Ceux qui ont connu l'histoire savent toujours à quoi s'attendre. Quoique cela n'enlève rien à la surprise.

Cette année encore, l'ENS de Ker-Lann nous offre un bel exemple de motivation. Ils nous avait donné un Bouche-Touche-Mouche qui restera longtemps dans les mémoires (est-il toujours disponible sur le rezo?), ils reviennent à la charge avec cette année deux projets signés KL productions.

Une version de Cats'eyes toute bretonne qui s'est distinguée par une profusion d'effets spéciaux très ambitieux et un respect rigoureux de tous les stéréotypes du genre. On pouvait cependant sentir les quelques maladresses d'un premier jet.

L'équipe de tournage de Bouche-Touche-Mouche, déjà rôdée, a su éviter les écueils et nous ont gâtés d'un film exceptionnel. Le dialogue sépare souvent le film professionnel de l'amateur, qu'à cela ne tienne et proposons une oeuvre sans discours, sans intrigue particulière, sans aucun point d'attache. Comprendre une telle oeuvre n'est absolument pas à la portée du premier esprit analytique venu, il est impératif de laisser à l'entrée de la salle de projection toute référence cohérente, tout souci de réalisme, car en seulement six minutes, ce film nous propose la version absurde d'une non-situation, d'une non-histoire, mais cependant d'un vrai court-métrage.

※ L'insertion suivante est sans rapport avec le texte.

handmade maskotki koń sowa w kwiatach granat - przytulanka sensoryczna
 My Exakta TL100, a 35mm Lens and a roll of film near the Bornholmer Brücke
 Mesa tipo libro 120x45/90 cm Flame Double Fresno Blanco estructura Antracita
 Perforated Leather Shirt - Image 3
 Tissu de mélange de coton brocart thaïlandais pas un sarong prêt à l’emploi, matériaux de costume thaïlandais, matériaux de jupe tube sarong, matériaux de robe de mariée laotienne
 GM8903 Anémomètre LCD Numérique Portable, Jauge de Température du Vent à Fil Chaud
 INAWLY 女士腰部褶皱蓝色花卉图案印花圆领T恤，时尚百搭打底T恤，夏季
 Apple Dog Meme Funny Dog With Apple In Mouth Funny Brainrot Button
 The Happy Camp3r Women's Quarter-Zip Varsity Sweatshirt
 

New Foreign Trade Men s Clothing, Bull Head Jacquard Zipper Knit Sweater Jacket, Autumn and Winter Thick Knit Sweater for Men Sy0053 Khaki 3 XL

Chaque plan demanderait une longue analyse et je vous épargnerai cet ennui, laissez-moi simplement préciser que chacun d'entre eux recèle une richesse incroyable de détails et seul un oeil attentif saura extraire toute l'étendue des éléments qui les constitue. La scène de l'ascenseur est particulièrement poignante. Pour les sceptiques, voici un rapide résumé:

Deux personnes à la terrasse d'un café. Gros plan sur un visage, l'agressivité est très présente, Va chercher!.

Une moue très douce, qui réfléchit et qui répond D'accord!. Et la voici qui court après cette balle numérique qui rebondit sur la surface de l'écran et derrière laquelle défile Rennes et ses pittoresques scènes de la vie quotidienne. Une deuxième balle, une deuxième série de gros plans et une deuxième course-poursuite.

Tout ceci sous la rigide quiétude du plan de l'ascenseur, visages fermés, regards vides et costumes fous. Un tableau qui ne souffre d'aucune maladresse qui tend le spectateur pendant ces longues minutes et finalement, qui résout toute cette non-intrigue dans l'apothéose d'un casse-dalle (ou casse-brique, je n'ai compris la subtilité que bien plus tard). Aussi, je me lève et je crie "KerLann à Lyon!".